Know what’s good about having severe morning sickness (also known as hyperemesis of pregnancy)?
NOTHING. Nothing’s good about it. Yes, the baby part is good, but it’s hard to think of that when your head’s married to your toilet bowl and the mere smell of your favorite foods makes you want to punch a baby seal.
Aside from sleeping it off, about the only thing that makes it better is complaining about it, which no pregnant woman with severe morning sickness should ever apologize for — EVER. If you feel like a fried piece of poop on a stick, ladies, it is your God-given right to bitch and moan about it till the cows come home, and it is everyone else’s God-given duty to listen to it.
I truly appreciate the advice people give for trying to cope with the horror of it all, especially when it first settles in and you’re desperate for some secret relief potion that’s somehow miraculously escaped Google’s reach, but after a while, Pregnant Morning Sickness Victim has tried it all to no avail, and the only thing that can make it better is the recognition from family and friends that her state of affairs really fucking sucks.
As a sufferer of severe morning sickness myself, I present you with things you should NOT say to a woman suffering through it (after her initial complaints and/or pleas for a remedy).
Place saltines at your bedside and eat when nausea hits. Saltines are about as effective at curing severe morning sickness as Tylenol is at acting as an analgesic following major surgery to the abdominal cavity. They might work for mild nausea, but the mere thought of their cardboard taste and even worse cardboard smell sends me into fits of unstoppable dry heaving.
Have you tried ginger? Ginger ale, ginger tea, ginger snaps, ginger candy — yes, we’ve tried ginger. We’ve stopped just short of rubbing ginger spice into our eyeballs and nostrils. It’s now taking up space in the pantry, right next to the saltines.
Take some vitamin B6. Should we do that before or after washing our saltines down with ginger ale?
Don’t eat three big meals. Instead, eat several small meals throughout the day. I would kill to be able to ingest any meal, big or small, without retching it up along with a kidney.

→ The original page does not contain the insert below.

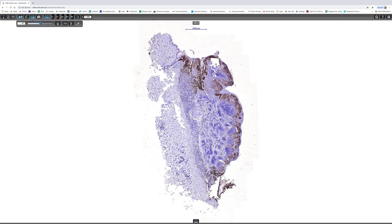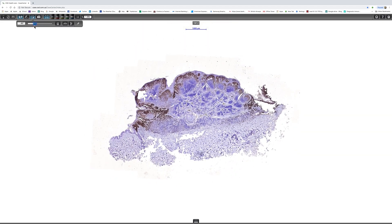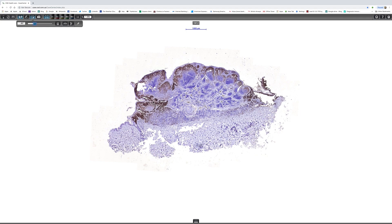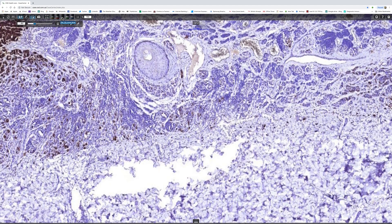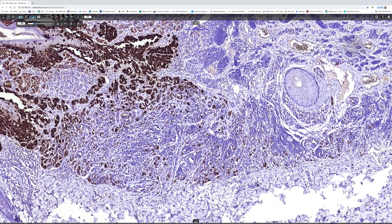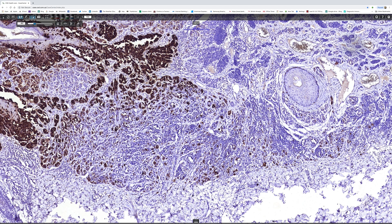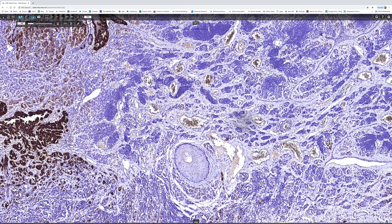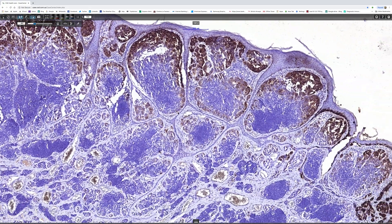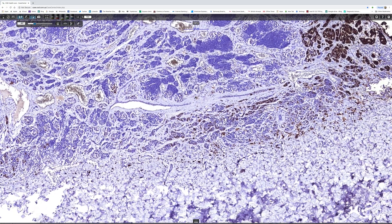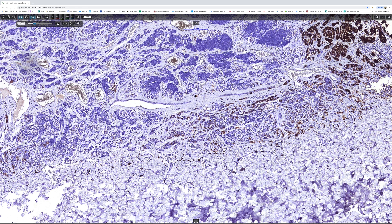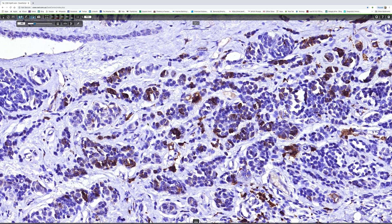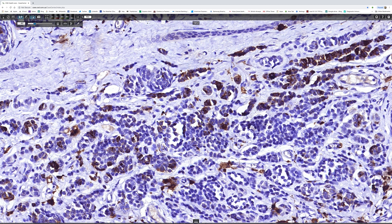On the HMB45 slide, you can see this very striking expression and labeling of the melanoma, whereas the nevus is completely negative. At higher power, the melanoma is strikingly positive and the nevus cells are totally negative. Moving around the slide, all the nevus is negative while the melanoma is positive. Down at the bottom of the lesion, the nevus is negative and the melanoma at the bottom is positive — quite useful.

The baby you get at the end is well worth it. True, the baby will be well worth it, but would you say to a prisoner of war suffering through unspeakable torture that their legacy as a hero and a patriot is well worth getting their eyeballs twisted out by an electric screwdriver? I should hope not.

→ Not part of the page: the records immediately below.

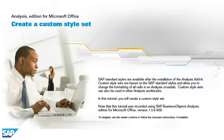SAP standard styles are available after the installation of the Analysis add-in. Custom style sets are based on the SAP standard styles and allow you to change the formatting of all cells in an analysis cross-tab. Custom style sets can also be used in other analysis workbooks.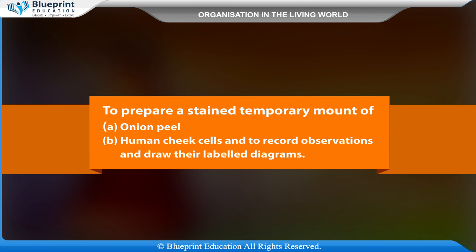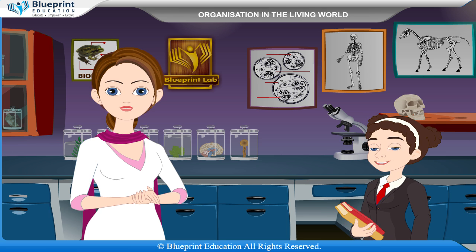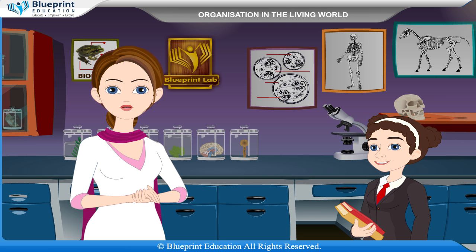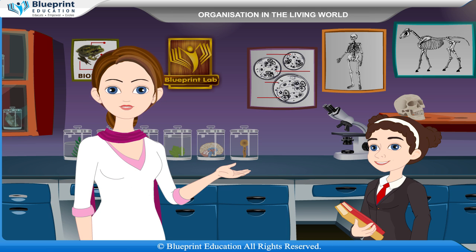To prepare a stained temporary mount of onion peel and human cheek cells, and to record observations and draw their labeled diagrams. The cell is a structural and functional unit of all living organisms.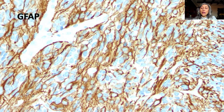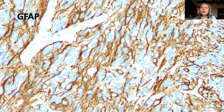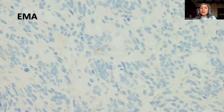Given the age and location, ependymoma was favored and GFAP was ordered. As you can see, there is some positivity of the tumor cells with GFAP. There are scattered tumor cells that are positive, along with minimal vascular proliferation.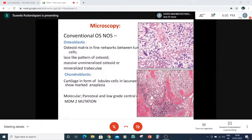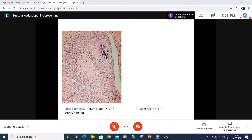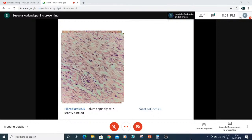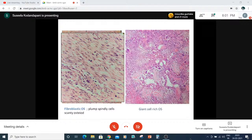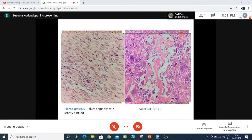Molecular-wise: periosteal and low-grade central osteosarcoma show MDM2 mutation. The fibroblastic variant of osteosarcoma shows plump spindle cells and scanty osteoid. When we get a true-cut biopsy containing only spindle cell population, we call it a malignant spindle cell neoplasm — it could be fibrosarcoma or fibroblastic osteosarcoma. We cannot commit to osteosarcoma until we see the osteoid. In giant cell-rich osteosarcoma, numerous giant cells are seen. When the true-cut biopsy first came, we thought it was GCT, but the radiology showed an aggressive tumor. We asked for a repeat biopsy, which showed osteoid areas amidst the giant cells.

I’m a man and I think… Just stop right there, man. If you don’t have a uterus or a space where one once resided, you don’t get to talk.

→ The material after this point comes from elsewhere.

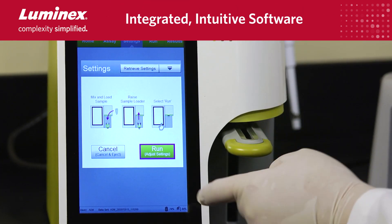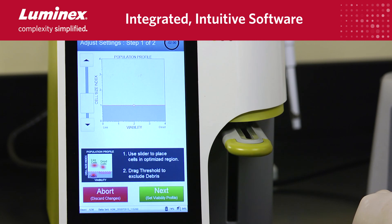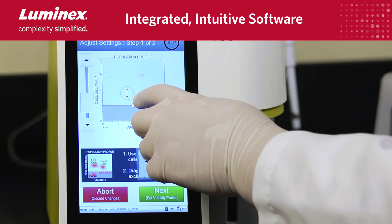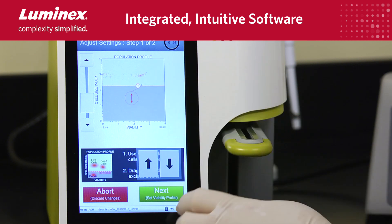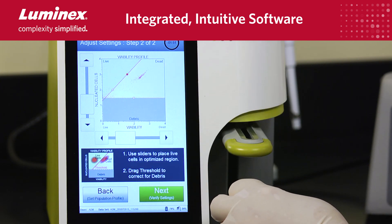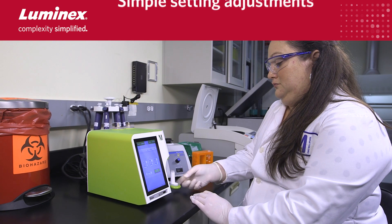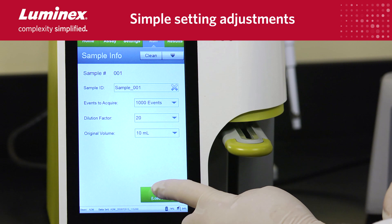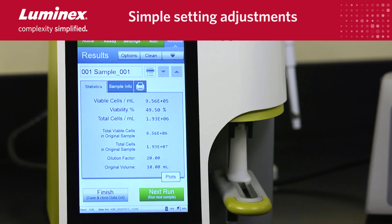The Muse instrument features a large, high-definition touchscreen interface instead of an external PC. The unique software provides simple, step-by-step prompts so virtually no flow cytometry expertise is required to run assays. The system prompts with clear instructions for sample loading, simple setting adjustments, and results in just a few steps.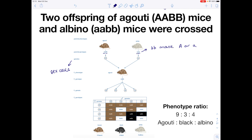It now gets more complicated if we look at the gamete combinations produced. Remember that these genes are unlinked — we haven't been told that they're linked — which means we get four possible gamete combinations. Look at another video if you're unsure how I've done this. But now we're ready for our giant Punnett square in order to do the genetic cross.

I can’t imagine how terrible that is; I never had morning sickness. Fuck you very much.
What should you say, then? I’m not going to speak for every pregnant woman in misery, but these will at least work for the really sarcastic and cynical ones like me.
That sucks and I’m sorry. It does suck. Hard. Thank you so much for just saying that out loud with me.
I hope you feel better soon. Me too. Thanks for hearing me.
I can’t wait until you feel better, because downing an entire box of Franzia solo ain’t easy. I hear that. I’ll be back on the Alcohol Train before you know it.
Sorry about your severe sperm infection. A friend from work actually told colleagues that this was the problem when they asked about my ailment. BEST. RESPONSE. EVER.
Of course, the best way to interact with a pregnant woman suffering from a severe bout of morning sickness is to agree with everything she says and stay the hell out of her way. Your face can thank me later.